- [TASK INSTRUCTIONS] Begin at the line below that holds "609 S State Road 7 2D, Margate, FL 33068" and end at the line that holds "KNAFK4A66G5463821 KIA FORTE LX", transcribing each line exactly and skipping any picture.

- [TASK INPUT]
+ + + +
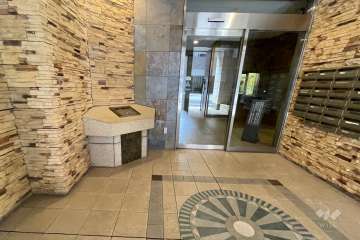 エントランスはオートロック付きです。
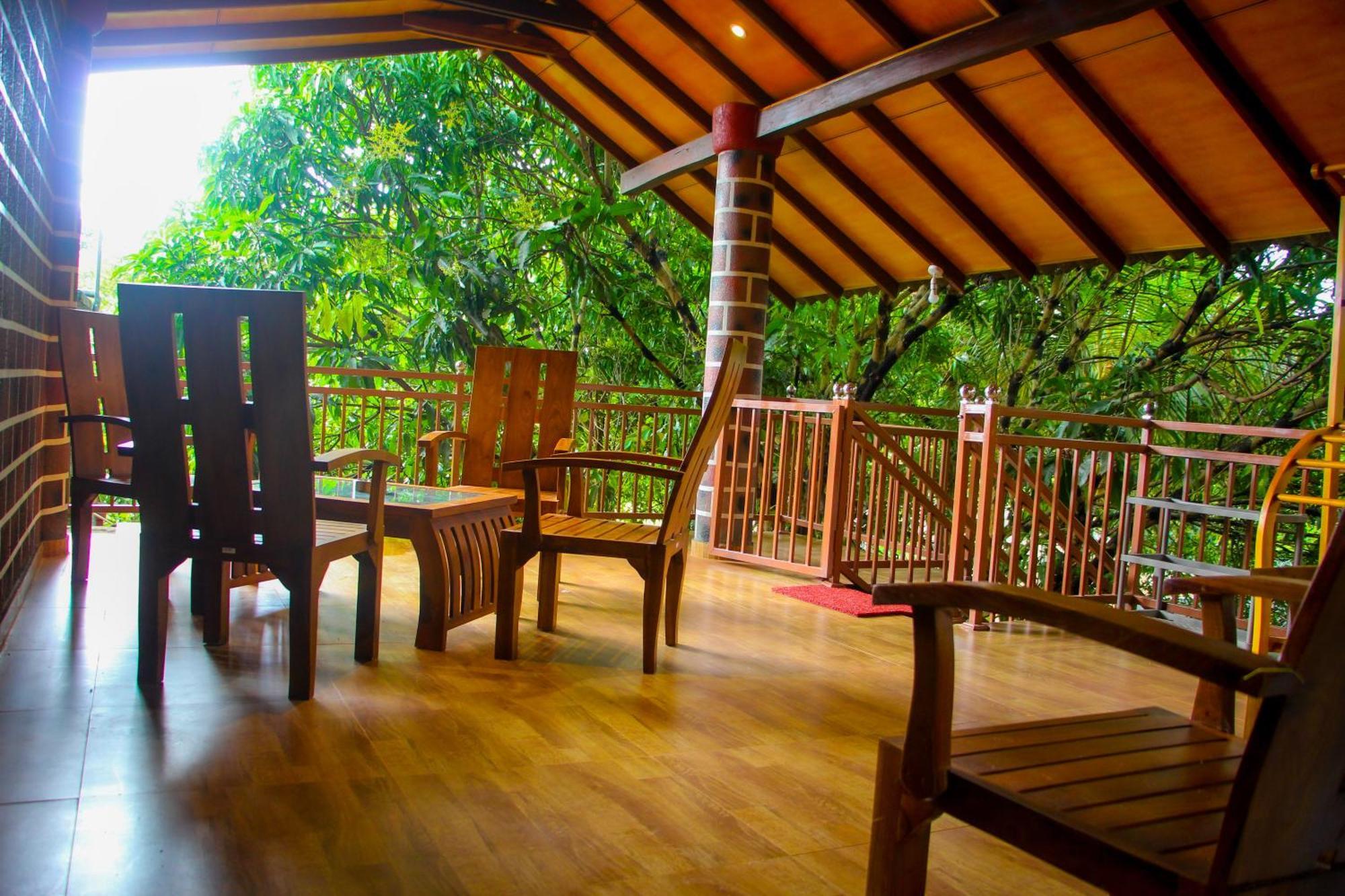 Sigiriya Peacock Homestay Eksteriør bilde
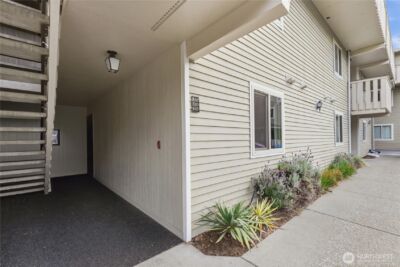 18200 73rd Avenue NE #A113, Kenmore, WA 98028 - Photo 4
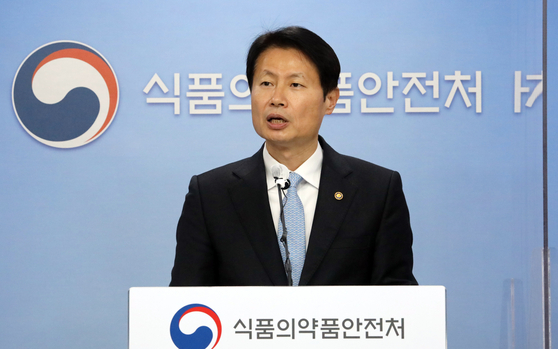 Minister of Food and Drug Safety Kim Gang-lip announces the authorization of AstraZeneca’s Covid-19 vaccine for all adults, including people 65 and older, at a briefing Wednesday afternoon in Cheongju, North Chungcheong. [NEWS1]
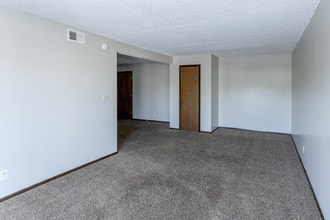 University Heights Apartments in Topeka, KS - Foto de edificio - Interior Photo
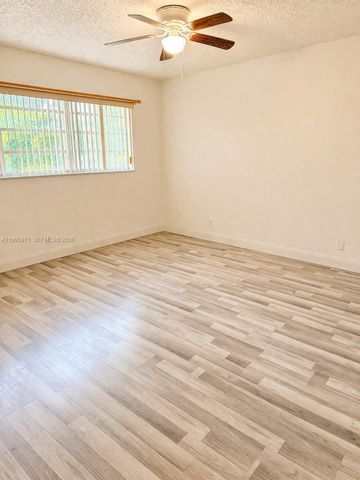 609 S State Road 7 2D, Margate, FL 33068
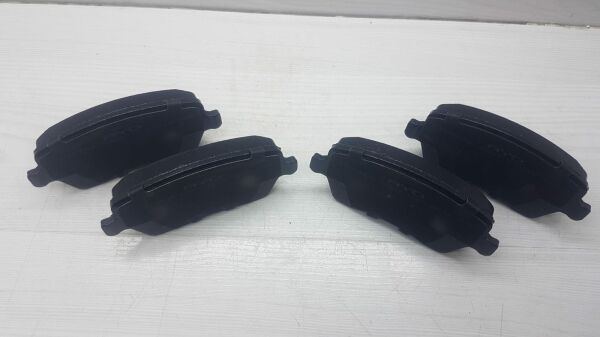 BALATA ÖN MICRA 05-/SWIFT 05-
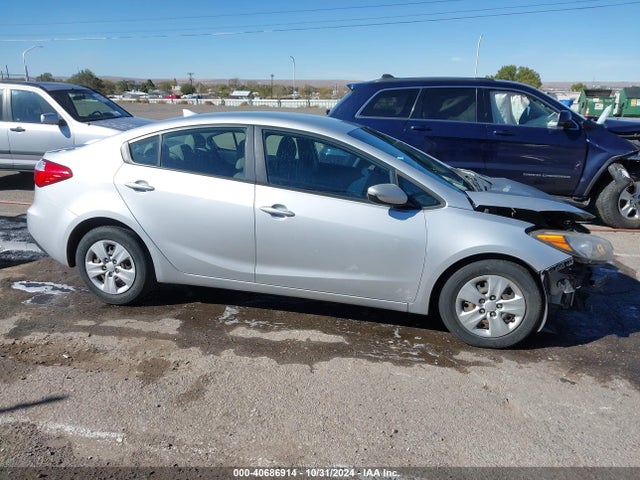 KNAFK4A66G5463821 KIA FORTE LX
+ + + +
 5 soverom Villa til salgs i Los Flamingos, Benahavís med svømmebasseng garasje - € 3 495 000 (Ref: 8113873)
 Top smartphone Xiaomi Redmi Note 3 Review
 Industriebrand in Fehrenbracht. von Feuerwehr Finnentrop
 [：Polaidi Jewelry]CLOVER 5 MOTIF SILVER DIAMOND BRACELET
+ + + +
- [EXERCISE OUTPUT]
 609 S State Road 7 2D, Margate, FL 33068
 BALATA ÖN MICRA 05-/SWIFT 05-
 KNAFK4A66G5463821 KIA FORTE LX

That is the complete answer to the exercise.